South African Reserve Bank governor, Lesetja Kganyago, says that while a decision by Britain to exit the European Union will impact economic growth locally, it will not lead to a recession.
Speaking to Bloomberg TV in Portugal, Kganyago said: “We would not venture into a recession at this stage, but there is no doubt that it will slow the South African economy from the weak growth that we already have.”
Bloomberg reported that South Africa’s economy shrunk by 1.2% in the first quarter, while gross domestic product is expected to grow by as little as 0.8% in 2016, according to the central bank – the slowest pace since a 2009 recession.
Britain voted last week in a referendum to leave the EU, wiping billions of dollars off world equity markets, with local markets also left reeling until a mild recovery on Tuesday.
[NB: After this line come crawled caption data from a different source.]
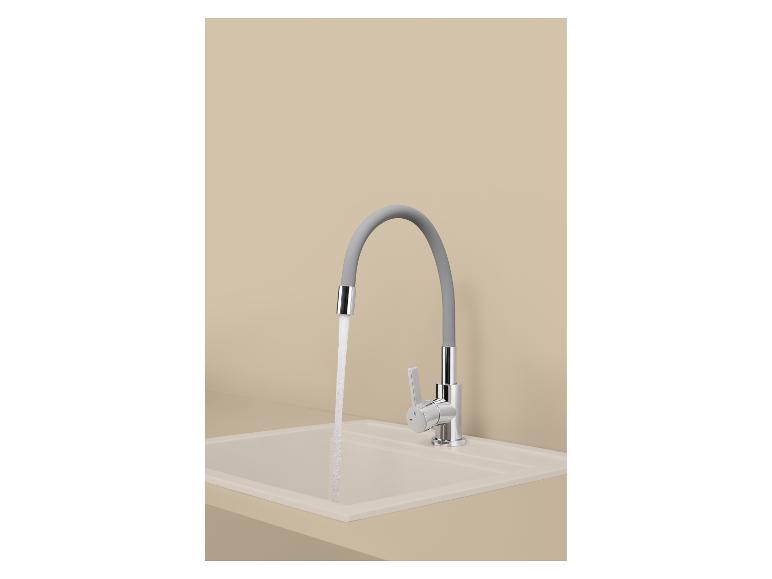 Keukenkraan met een grijze flexibele uitloop en stromend water in een beige spoelbak.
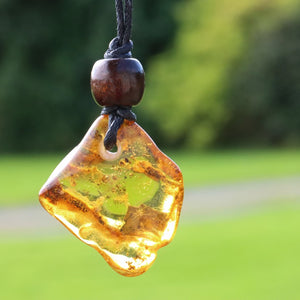 A raw, irregular amber glass pendant with dark wood bead on a black cord, photographed outdoors against a blurred green park background.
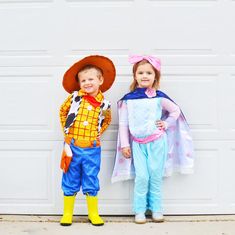 two children dressed up as toy story characters standing in front of a garage door with their arms around each other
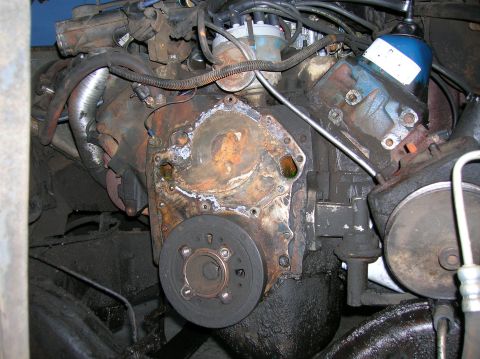 1978 Ford F-250 - Engine components showing signs of wear and tear, with a focus on the block and pulley system.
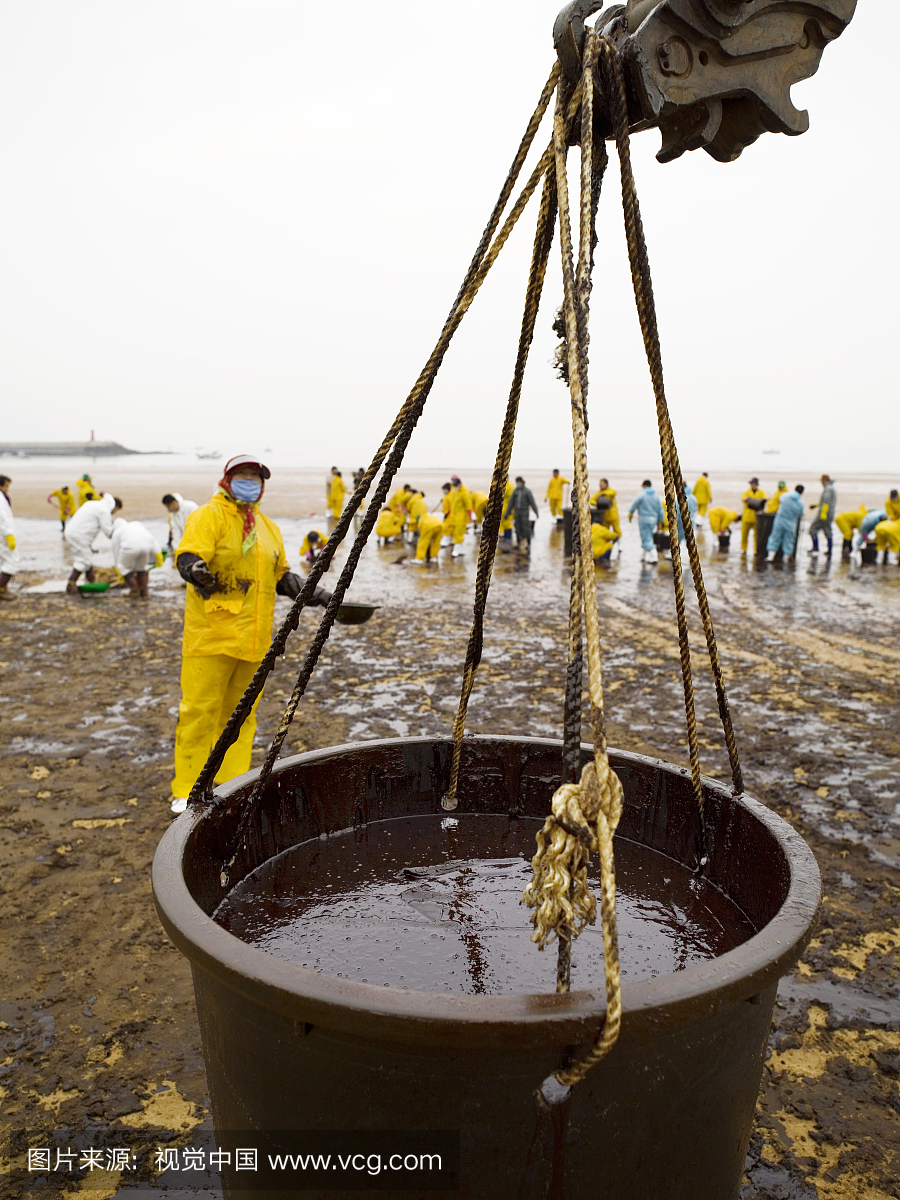 浮油,粗棉布裤,白昼,环境损害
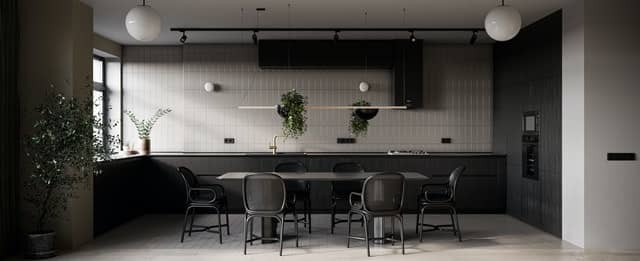 A stylishly decorated kitchen with dark black and gray decor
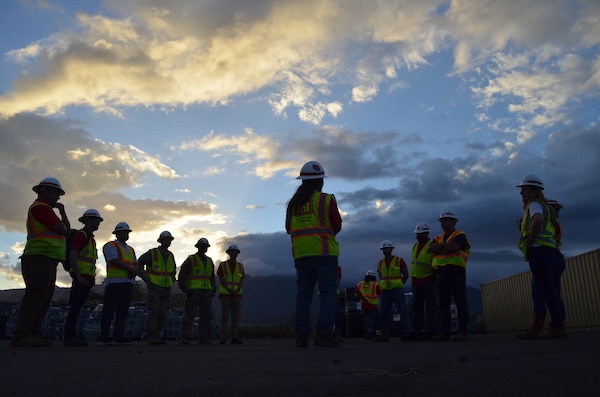 A group of people stand and talk in safety vests and hardhats in the early morning hours.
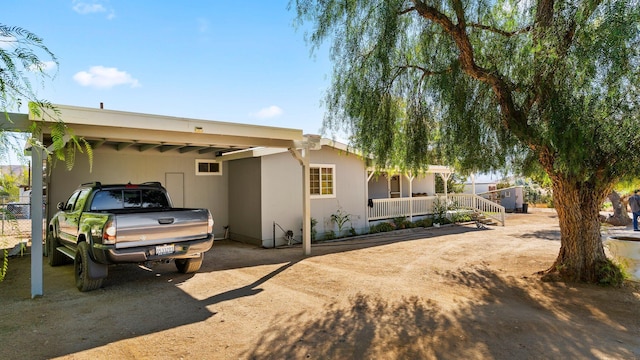 view of side of home with a carport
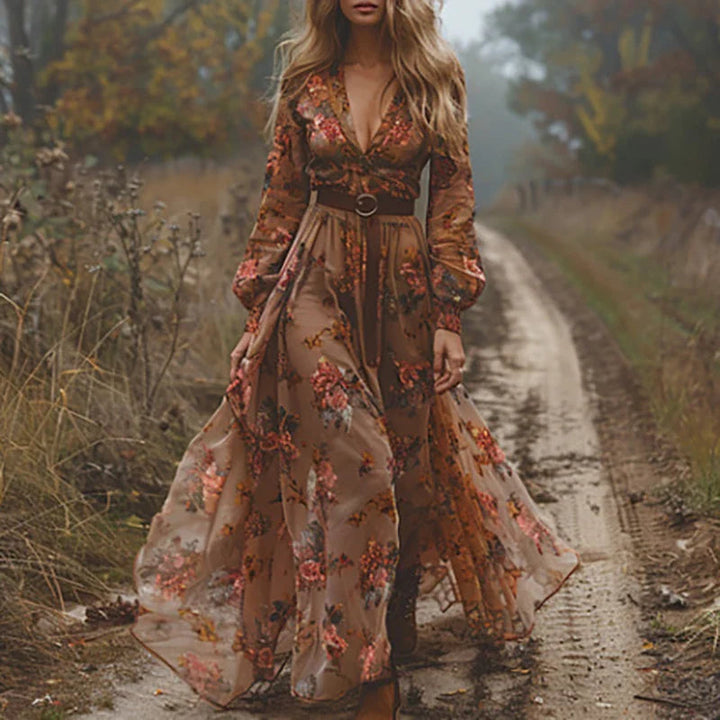 Stilfull kvinnes maxikjole med grønt/mørkebrunt blomstermønster, boho-chic stil, plissert og løs passform.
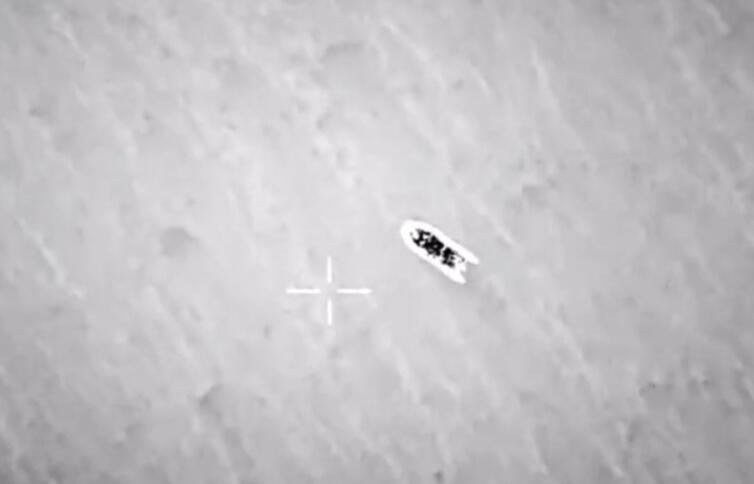 Eine verschwommene schwarz-weiß-Luftaufnahme eines Schlauchootes, daneben ein Kreuz des Kamera-Displays.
“It has affected sentiment and investors were looking for safe assets. We are not seen as one of the safe assets,” Kganyago said.
The Reserve Bank governor said that Brexit is unlikely to affect the central bank’s interest-rate outlook, expected next month – on 21 July.
“There are so many moving parts at the moment,” he said. “In looking at the effect of the global economy on South Africa we look beyond the UK.”
On Wednesday morning, the rand tested a move below R15 (15.02) against the dollar, 1% firmer than the previous session.
The local unit was also stronger against a battered pound, at R20.09, and was trading at R16.68 against the euro.